A gunman in the U.S. city of Milwaukee, Wisconsin, killed five people before killing himself Wednesday at a Molson Coors brewery.
Police identified the shooter as a 51-year-old man but have withheld his name and the names of his victims until their families are notified.
“There were five individuals who went to work today, just like everybody goes to work and they thought they were going to finish their day and return to their families,” Milwaukee Mayor Tom Barrett said. “Tragically, they never will.”
President Donald Trump opened a White House news conference on the coronavirus Wednesday by calling the shooting “a terrible thing. Our hearts go out to the people of Wisconsin and to the families.”
Police gave little information about the attack or what motive the shooter may have had.

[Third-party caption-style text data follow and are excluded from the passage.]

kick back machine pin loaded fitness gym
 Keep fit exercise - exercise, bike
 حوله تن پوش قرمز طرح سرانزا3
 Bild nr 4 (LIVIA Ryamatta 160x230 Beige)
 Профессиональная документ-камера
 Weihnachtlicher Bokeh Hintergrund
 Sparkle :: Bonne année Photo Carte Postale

Barrett said such “vile and heinous deadly violence makes no sense.”
The Molson Coors campus includes not only a brewery, but corporate offices and underground caves for tourists, and a large outdoor beer garden.
Molson CEO Gavin Hattersley said in a statement, “There are no words to express the deep sadness many of us are feeling right now.”
There have been a number of mass shootings in the upper Midwest state of Wisconsin over the past 20 years. They include the 2012 massacre of six people by a white supremacist outside a Sikh temple in Milwaukee. The gunman also wounded four others before taking his own life.
Workplaces have been the most common sites for mass shootings over the last five decades.